Dans le fond, à une profondeur
vertigineuse, il apercevait, moins brillantes que des vers luisants dans
l'herbe, les lampes des ouvriers.
En haut, l'ouverture du puits lui
apparaissait si rétrécie qu'elle semblait n'avoir pas le diamètre du goulot
d'une bouteille.
Et il montait toujours, et un à un les fils
de chanvre craquaient.
Et nul moyen d'éviter la chute horrible,
car, il le voyait, il le sentait bien, le câble serait rompu bien avant que le
panier eût atteint le haut.
Telle était son angoisse mortelle, qu'il
eut l'idée d'abréger le supplice en se précipitant.
Il hésitait, quand le panier arriva à fleur
du sol. Il était sauvé. C'est en poussant un cri formidable qu'il sauta à
terre.
Ce cri l'éveilla. L'horrible aventure
n'était qu'un songe. Mais il était dans un état affreux, baigné de sueur,
respirant à peine, incapable du moindre mouvement.
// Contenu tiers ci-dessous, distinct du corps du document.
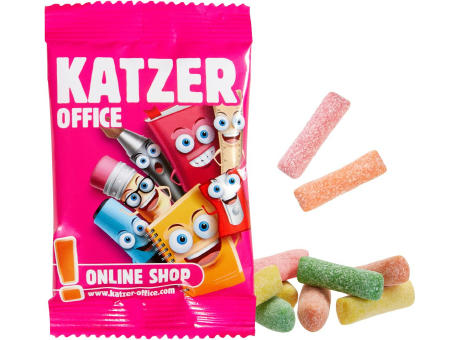 Product image Mini HITSCHIES Kaubonbons Sauer Mix Werbeartikel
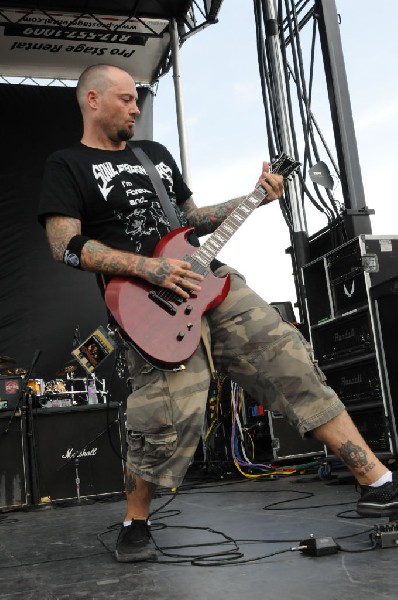 Kingdom Of Sorrow at Ozzfest 2008, Pizza Hut Park, Frisco, Texas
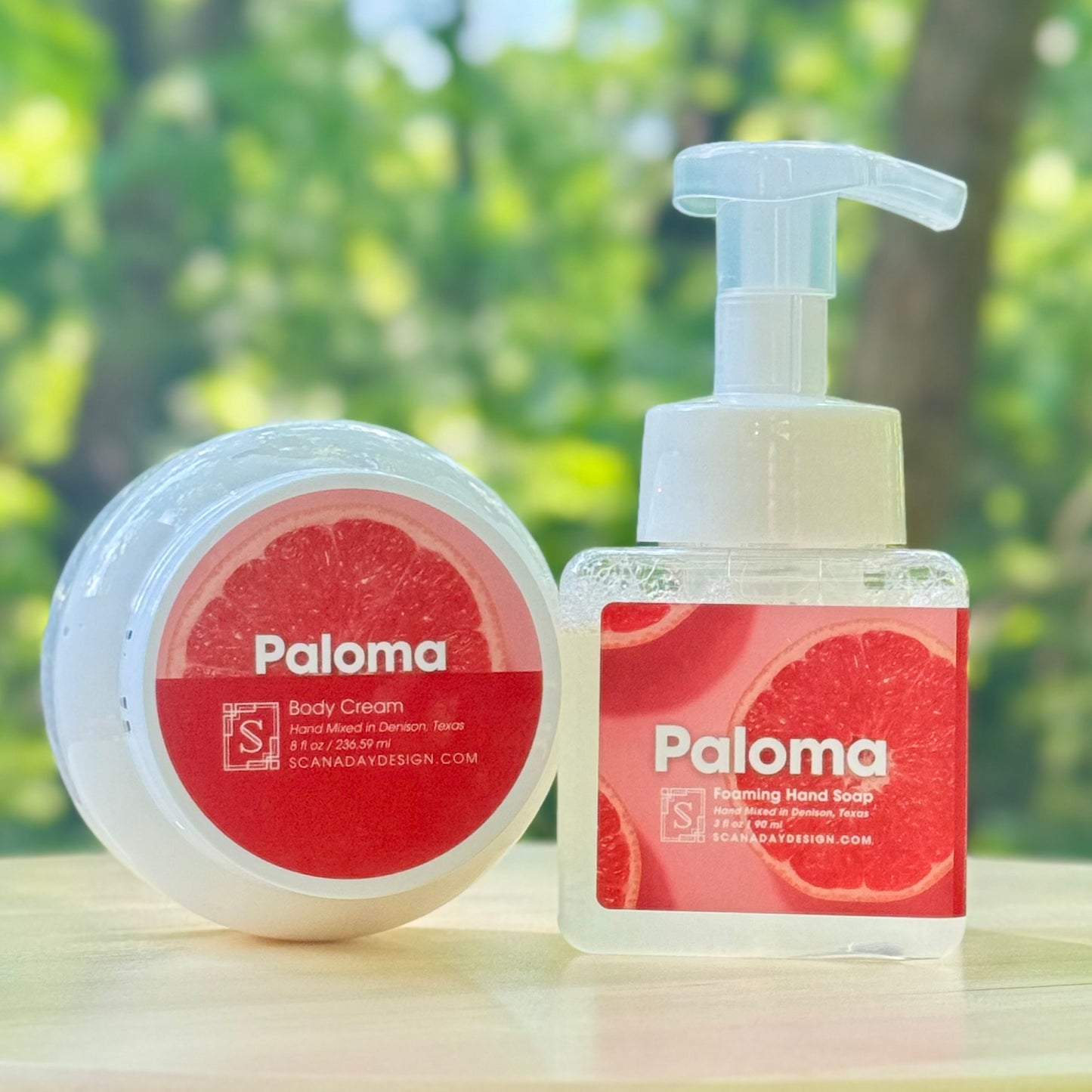 Paloma | 8oz Body Cream
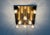 Vintage German Brass Ceiling or Wall Lamp from Sölken, 1970s For Sale - Image 14 of 18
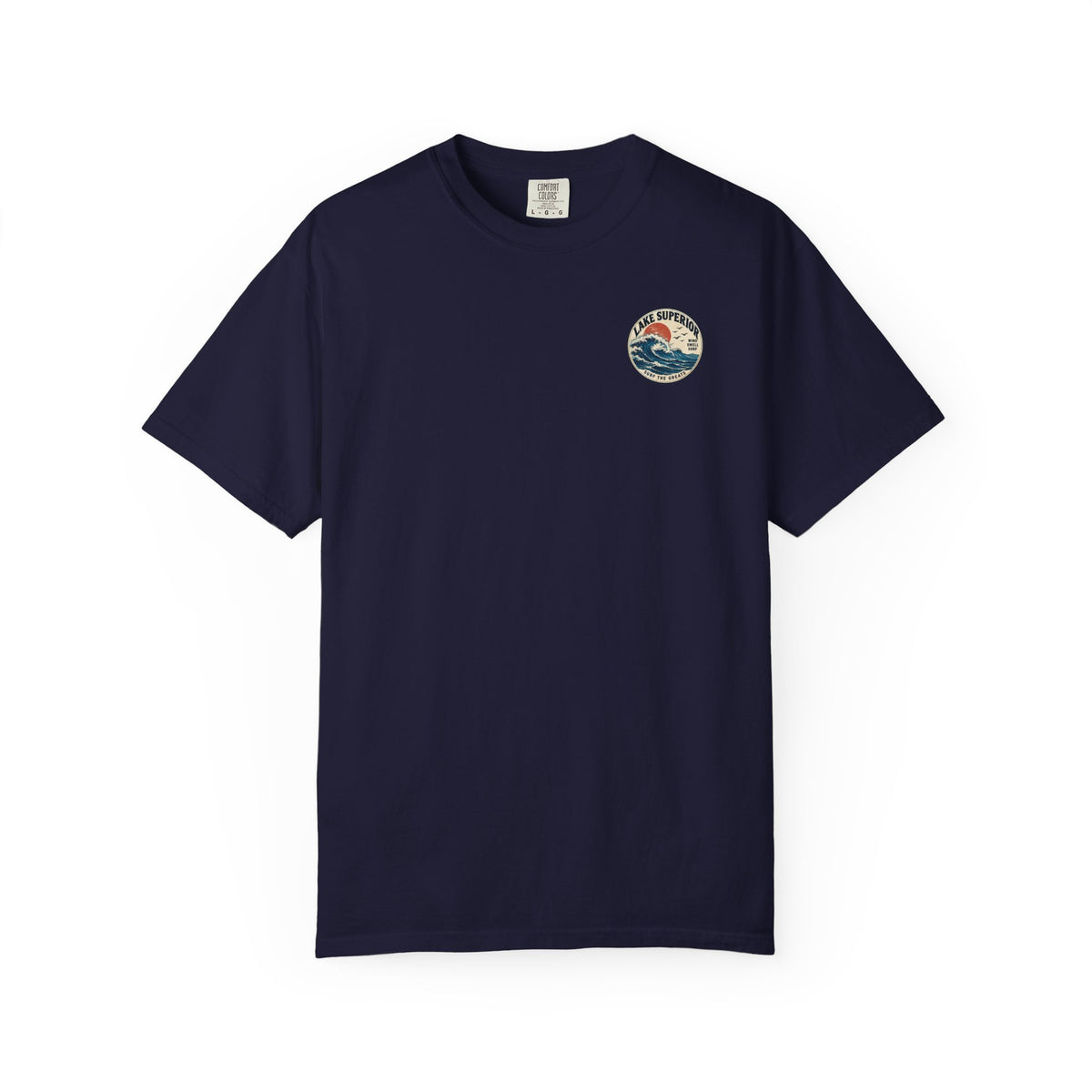 Lake Superior Patch T-shirt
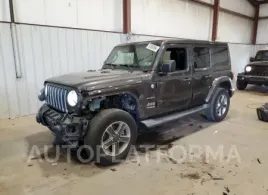 Jeep Wrangler 2019 2019 vin 1C4HJXEG8KW643310 from auto auction Copart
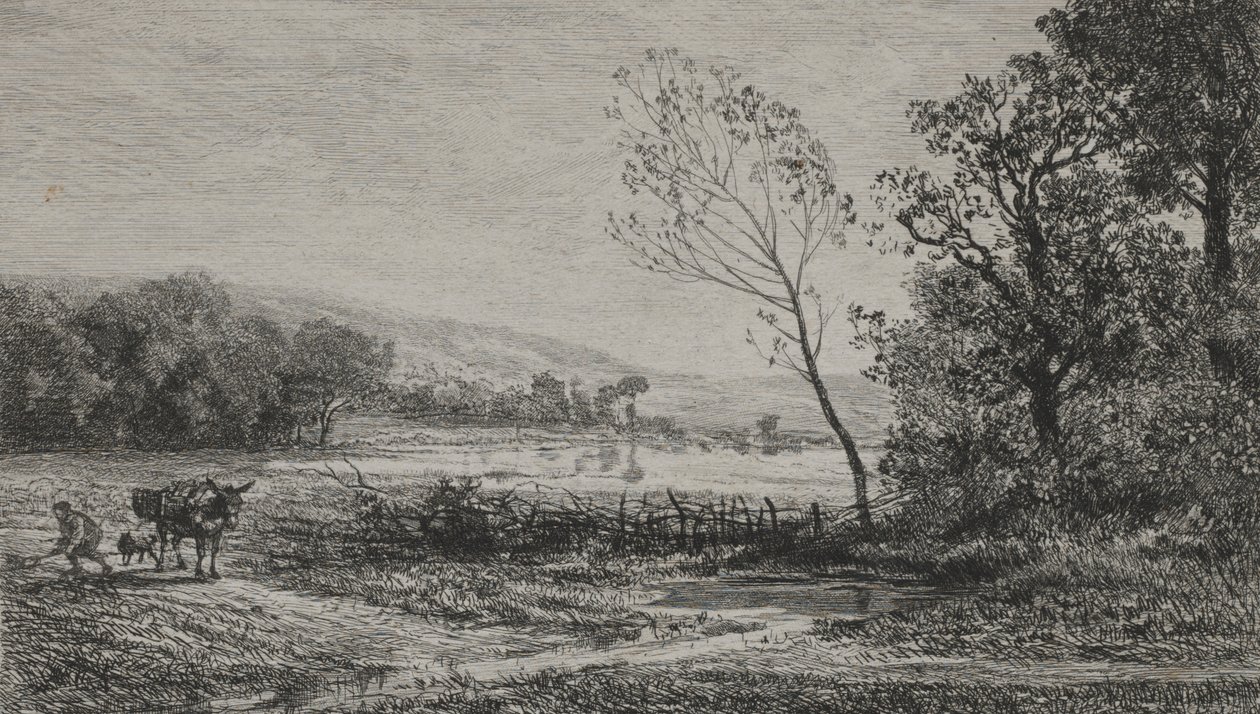 Autunno da Charles Francois Daubigny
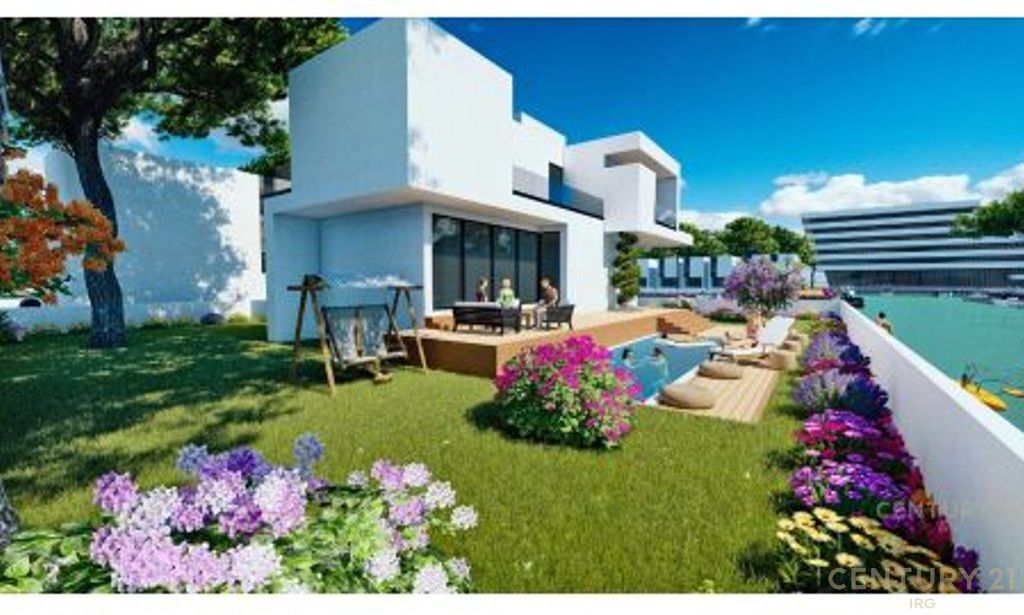 APARTAMENT 1+1 TE TURQUOISE MARINA!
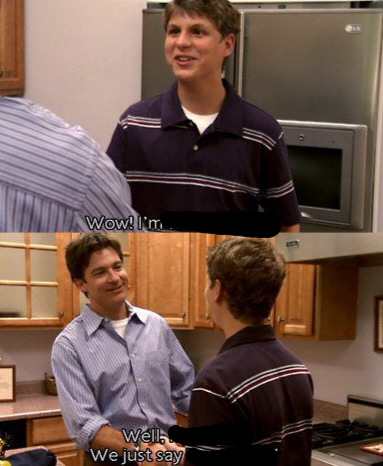Plantilla de meme Arrested development mr manager we just say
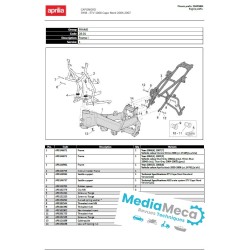 Spare parts manual for aprilia etv 1000 caponord 2001 to 2003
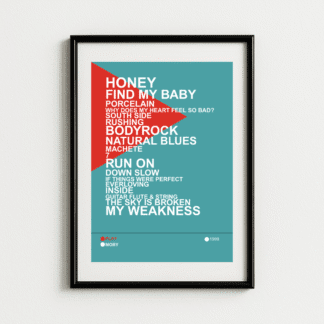 Moby Play Art Print – Electronic Music Posters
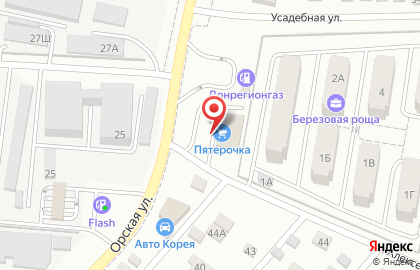 Продуктовый мини-маркет Добрыня в Ростове-на-Дону на карте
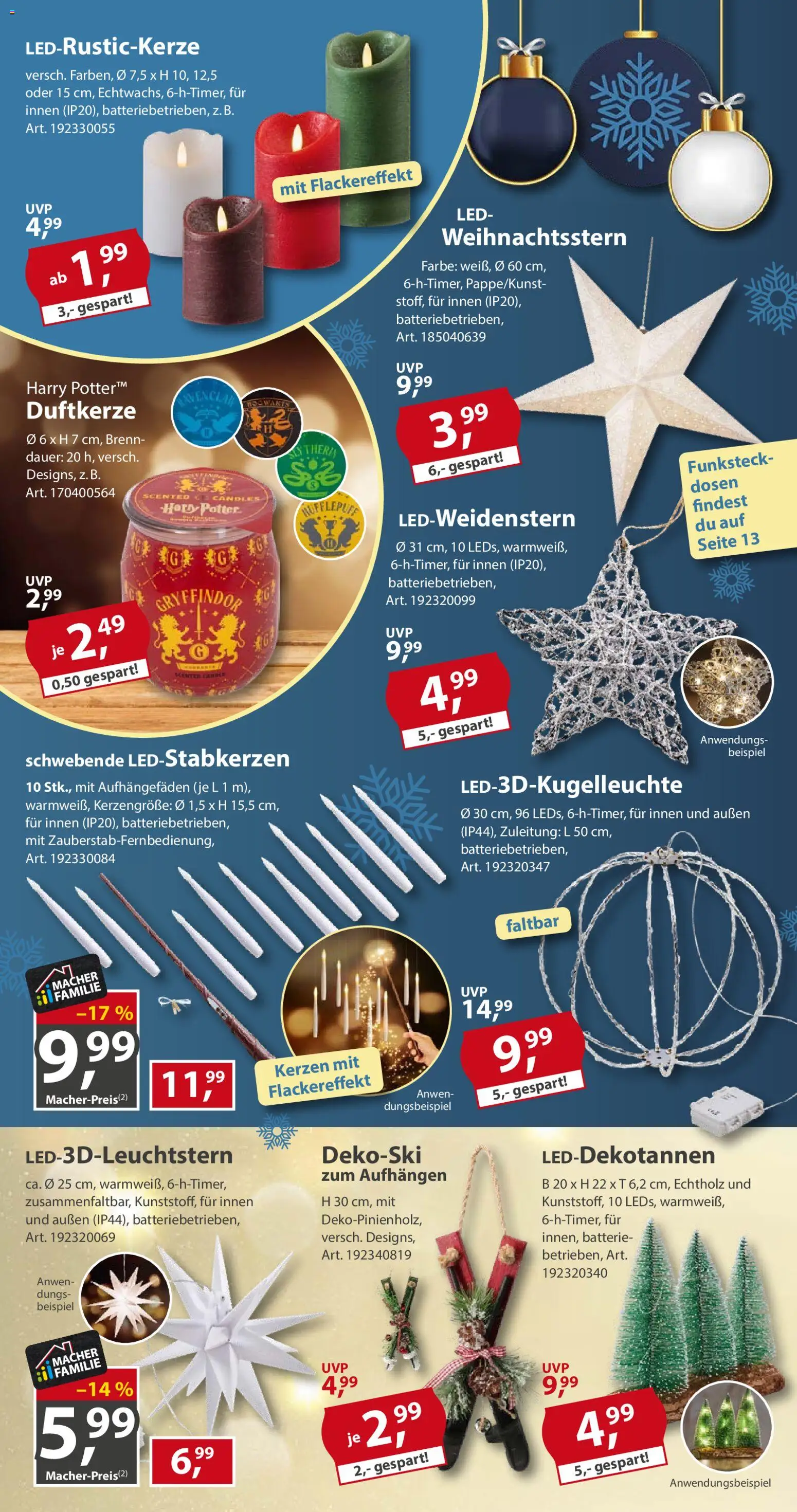 Sonderpreis Baumarkt Prospekt – gültig ab 17.10.2026 | Seite: 2 | Produkte: Batterie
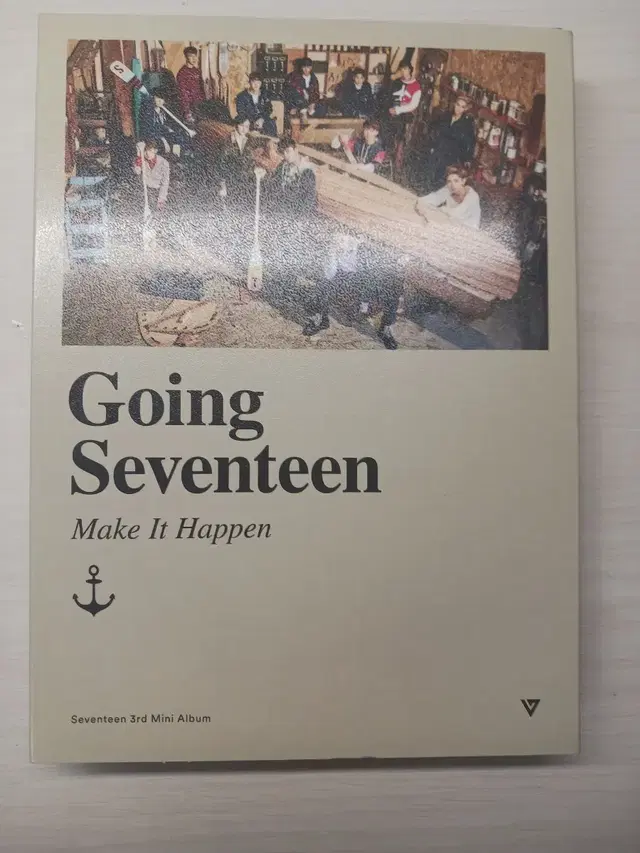 세븐틴 going seventeen 앨범 팝니다! (포카 증정)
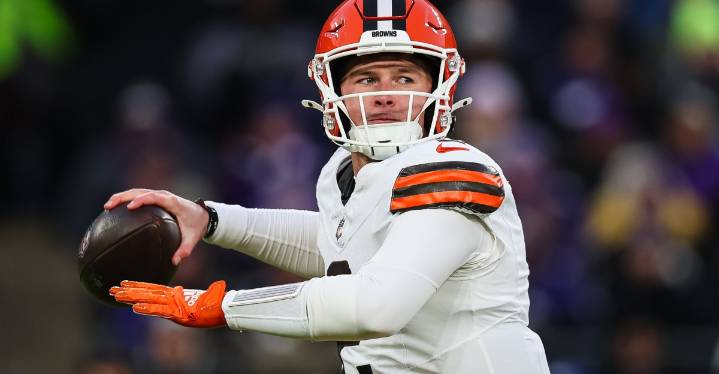Browns have a new QB2 for game against the Raiders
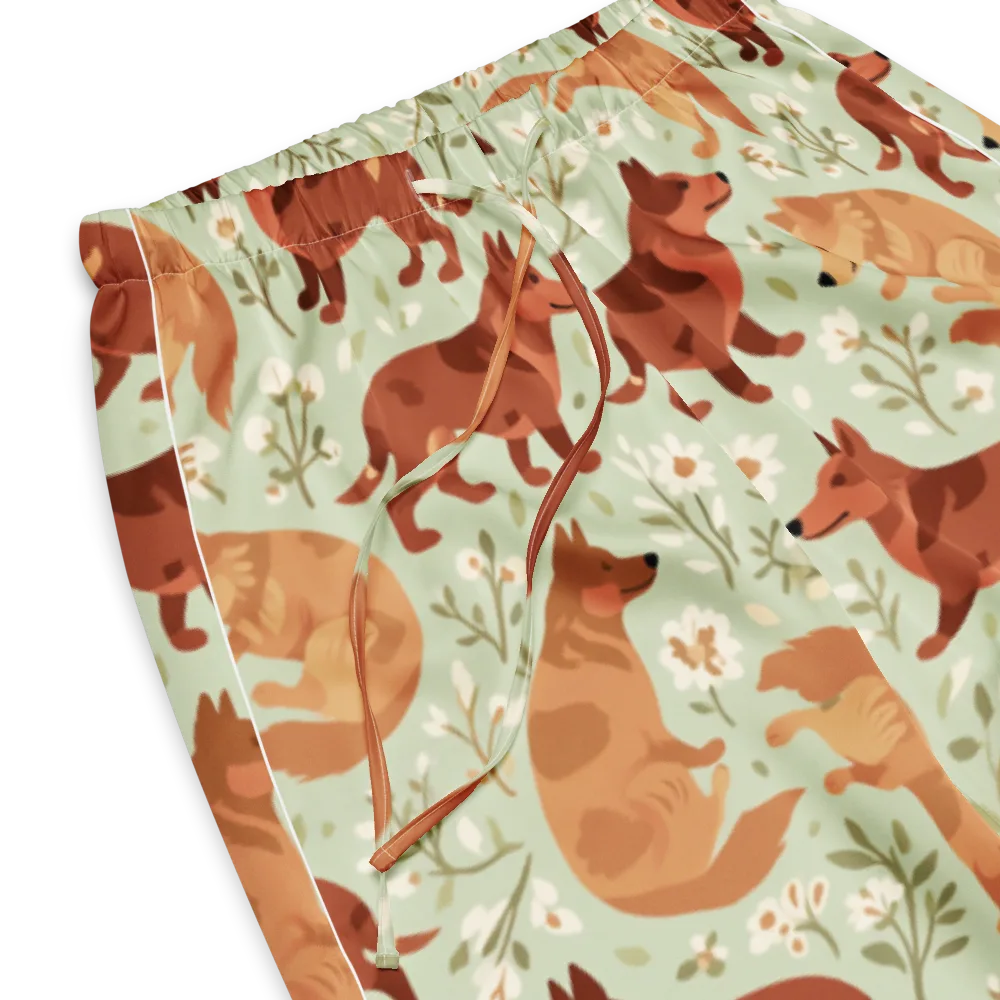 Vulpine Garden on Women's Pajama Pants — Product details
Enfin, il put sonner et on vint à son
secours. Mais les gens de l'auberge refusaient presque de le reconnaître. Ses
cheveux noirs étaient devenus gris.
Sur le pied de son lit se trouvait,
esquissé par lui, le plan de cette mine qu'il ne connaissait pas. Ce plan était
merveilleux d'exactitude. »
Nous n'avons d'autre garant de
l'authenticité de ce fait que le récit ci-dessus ; sans rien préjuger à ce
sujet, nous dirons que tout ce qu'il relate est dans les choses possibles. Le
plan de la mine, tracé par l'ingénieur pendant son sommeil, n'est pas plus
surprenant que les travaux qu'exécutent certains somnambules.
Pour le faire exact, il a dû voir ;
puisqu'il n'a pu voir par les yeux du corps, il a vu par ceux de l'âme ;
pendant son sommeil, son Esprit a exploré la mine : le plan en est la
preuve matérielle. Quant au danger, il est évident qu'il n'y a rien eu de
réel ; ce n'était donc qu'un cauchemar. Ce qui est plus singulier, c'est
que, sous l'impression d'un danger imaginaire, ses cheveux aient pu blanchir.
Ce phénomène s'explique par les liens
fluidiques qui transmettent au corps les impressions de l'âme, alors que
celle-ci en est éloignée. L'âme ne se rendait pas compte de cette
séparation ; son corps périsprital lui faisait l'effet de son corps
matériel, ainsi que cela arrive souvent après la mort chez certains Esprits qui
se croient encore vivants, et se figurent vaquer à leurs occupations
habituelles. L'Esprit de l'ingénieur, quoique vivant, se trouvait dans une
situation analogue ; tout était aussi réel dans sa pensée que s'il avait
eu son corps de chair et d'os. De là le sentiment de frayeur qu'il a éprouvé en
se voyant prêt à être précipité dans l'abîme.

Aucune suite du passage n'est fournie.